WHAT IS REQUIRED: Please repeat the lines below exactly. Begin with the line containing "Trani Ammouda beach" and go on through the line containing "施工前の給湯器（SR-S）".

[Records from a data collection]

════════

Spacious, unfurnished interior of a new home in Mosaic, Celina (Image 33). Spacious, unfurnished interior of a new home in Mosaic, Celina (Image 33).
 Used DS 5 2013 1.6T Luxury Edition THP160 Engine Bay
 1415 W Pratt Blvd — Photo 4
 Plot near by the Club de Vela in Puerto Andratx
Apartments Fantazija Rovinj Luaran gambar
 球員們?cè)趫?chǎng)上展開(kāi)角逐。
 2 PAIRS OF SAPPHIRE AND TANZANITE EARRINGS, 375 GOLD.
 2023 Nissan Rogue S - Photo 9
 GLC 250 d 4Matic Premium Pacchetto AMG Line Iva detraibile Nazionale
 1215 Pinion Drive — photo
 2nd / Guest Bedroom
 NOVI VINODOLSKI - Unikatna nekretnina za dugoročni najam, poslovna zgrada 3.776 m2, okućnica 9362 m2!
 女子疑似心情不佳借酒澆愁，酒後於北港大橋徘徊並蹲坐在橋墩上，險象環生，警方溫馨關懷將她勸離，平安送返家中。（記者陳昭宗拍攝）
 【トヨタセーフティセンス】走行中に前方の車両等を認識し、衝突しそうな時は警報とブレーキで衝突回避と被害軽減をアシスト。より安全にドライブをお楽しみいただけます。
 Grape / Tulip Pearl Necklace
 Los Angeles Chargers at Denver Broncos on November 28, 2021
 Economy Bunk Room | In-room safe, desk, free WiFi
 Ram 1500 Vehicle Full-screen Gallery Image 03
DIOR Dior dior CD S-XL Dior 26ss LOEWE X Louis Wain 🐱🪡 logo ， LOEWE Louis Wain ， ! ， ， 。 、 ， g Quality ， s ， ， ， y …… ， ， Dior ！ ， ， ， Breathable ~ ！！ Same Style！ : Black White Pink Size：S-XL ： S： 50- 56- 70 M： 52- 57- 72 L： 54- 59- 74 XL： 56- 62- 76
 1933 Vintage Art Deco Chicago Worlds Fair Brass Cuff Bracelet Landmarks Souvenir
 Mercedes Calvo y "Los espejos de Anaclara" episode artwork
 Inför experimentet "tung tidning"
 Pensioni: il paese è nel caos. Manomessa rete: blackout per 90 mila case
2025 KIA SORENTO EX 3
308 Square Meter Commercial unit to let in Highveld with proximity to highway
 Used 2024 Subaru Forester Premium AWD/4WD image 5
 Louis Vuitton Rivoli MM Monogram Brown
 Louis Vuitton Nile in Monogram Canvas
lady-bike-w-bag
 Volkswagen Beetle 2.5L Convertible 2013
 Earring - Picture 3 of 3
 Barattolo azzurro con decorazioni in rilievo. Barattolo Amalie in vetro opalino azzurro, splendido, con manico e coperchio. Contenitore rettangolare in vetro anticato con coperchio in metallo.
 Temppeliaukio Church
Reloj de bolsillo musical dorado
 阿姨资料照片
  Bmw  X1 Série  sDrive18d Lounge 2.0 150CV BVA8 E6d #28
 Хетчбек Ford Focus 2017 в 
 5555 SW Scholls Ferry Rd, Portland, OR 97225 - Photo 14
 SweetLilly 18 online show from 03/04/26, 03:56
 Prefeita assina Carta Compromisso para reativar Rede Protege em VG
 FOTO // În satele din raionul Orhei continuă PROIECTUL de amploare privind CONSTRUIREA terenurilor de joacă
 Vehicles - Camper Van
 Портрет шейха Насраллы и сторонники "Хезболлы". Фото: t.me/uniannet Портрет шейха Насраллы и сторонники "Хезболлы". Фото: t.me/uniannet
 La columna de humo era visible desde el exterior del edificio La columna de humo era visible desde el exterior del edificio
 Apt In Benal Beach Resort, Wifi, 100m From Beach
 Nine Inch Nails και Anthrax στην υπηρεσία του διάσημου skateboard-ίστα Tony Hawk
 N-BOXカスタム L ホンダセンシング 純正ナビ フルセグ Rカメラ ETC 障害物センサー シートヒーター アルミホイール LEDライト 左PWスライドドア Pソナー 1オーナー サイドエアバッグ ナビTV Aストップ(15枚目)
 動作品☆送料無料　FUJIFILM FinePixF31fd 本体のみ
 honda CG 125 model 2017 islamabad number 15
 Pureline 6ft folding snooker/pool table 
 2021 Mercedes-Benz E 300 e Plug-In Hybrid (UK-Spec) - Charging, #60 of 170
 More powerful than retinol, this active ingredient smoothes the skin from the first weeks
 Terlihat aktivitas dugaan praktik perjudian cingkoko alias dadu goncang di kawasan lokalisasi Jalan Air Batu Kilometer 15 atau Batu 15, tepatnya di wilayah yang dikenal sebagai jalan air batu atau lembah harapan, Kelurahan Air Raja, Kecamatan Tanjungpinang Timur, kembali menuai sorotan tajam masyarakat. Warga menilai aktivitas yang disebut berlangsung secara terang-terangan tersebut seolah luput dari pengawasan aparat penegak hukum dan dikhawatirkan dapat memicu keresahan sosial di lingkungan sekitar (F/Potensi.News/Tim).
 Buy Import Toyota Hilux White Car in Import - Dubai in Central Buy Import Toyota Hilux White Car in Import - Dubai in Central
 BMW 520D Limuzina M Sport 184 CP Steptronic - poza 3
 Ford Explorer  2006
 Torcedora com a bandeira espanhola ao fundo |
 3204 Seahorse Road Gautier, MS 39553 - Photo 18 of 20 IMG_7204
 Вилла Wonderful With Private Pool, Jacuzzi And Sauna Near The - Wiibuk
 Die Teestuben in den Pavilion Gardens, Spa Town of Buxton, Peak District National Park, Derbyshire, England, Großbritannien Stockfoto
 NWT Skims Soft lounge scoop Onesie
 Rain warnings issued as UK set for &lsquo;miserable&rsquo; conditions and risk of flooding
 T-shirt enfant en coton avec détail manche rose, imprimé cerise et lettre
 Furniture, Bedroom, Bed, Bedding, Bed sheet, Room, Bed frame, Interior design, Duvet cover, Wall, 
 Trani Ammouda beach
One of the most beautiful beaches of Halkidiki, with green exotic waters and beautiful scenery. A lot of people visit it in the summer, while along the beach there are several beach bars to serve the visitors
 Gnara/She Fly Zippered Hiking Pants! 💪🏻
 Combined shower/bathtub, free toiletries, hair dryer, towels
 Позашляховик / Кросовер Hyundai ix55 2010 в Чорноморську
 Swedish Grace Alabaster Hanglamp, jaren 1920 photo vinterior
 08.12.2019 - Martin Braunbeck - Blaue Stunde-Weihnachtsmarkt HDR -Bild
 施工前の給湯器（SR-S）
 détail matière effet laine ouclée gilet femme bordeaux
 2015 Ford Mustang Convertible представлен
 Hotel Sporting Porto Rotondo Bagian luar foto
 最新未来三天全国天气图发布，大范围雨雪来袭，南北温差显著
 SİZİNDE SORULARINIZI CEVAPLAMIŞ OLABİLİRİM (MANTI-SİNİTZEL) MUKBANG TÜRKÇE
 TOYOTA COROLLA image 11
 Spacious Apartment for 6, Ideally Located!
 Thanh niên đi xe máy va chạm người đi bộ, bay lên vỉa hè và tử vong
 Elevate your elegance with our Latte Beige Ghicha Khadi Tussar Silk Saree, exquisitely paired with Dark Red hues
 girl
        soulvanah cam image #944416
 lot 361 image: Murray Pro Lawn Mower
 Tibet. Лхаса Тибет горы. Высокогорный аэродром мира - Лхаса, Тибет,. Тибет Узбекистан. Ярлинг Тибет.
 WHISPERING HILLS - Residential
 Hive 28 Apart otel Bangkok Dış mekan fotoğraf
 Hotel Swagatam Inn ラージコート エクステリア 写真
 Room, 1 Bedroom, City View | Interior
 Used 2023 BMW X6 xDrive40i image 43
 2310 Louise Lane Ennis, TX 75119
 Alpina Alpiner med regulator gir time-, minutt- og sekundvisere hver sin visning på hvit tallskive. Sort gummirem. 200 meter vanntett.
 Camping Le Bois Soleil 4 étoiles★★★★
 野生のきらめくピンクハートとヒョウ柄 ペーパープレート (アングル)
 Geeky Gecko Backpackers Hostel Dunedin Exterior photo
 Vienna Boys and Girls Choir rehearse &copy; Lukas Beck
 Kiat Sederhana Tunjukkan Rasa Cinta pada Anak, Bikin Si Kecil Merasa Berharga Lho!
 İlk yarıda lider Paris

════════

RESULT OF THE TASK:
 Trani Ammouda beach
One of the most beautiful beaches of Halkidiki, with green exotic waters and beautiful scenery. A lot of people visit it in the summer, while along the beach there are several beach bars to serve the visitors
 Gnara/She Fly Zippered Hiking Pants! 💪🏻
 Combined shower/bathtub, free toiletries, hair dryer, towels
 Позашляховик / Кросовер Hyundai ix55 2010 в Чорноморську
 Swedish Grace Alabaster Hanglamp, jaren 1920 photo vinterior
 08.12.2019 - Martin Braunbeck - Blaue Stunde-Weihnachtsmarkt HDR -Bild
 施工前の給湯器（SR-S）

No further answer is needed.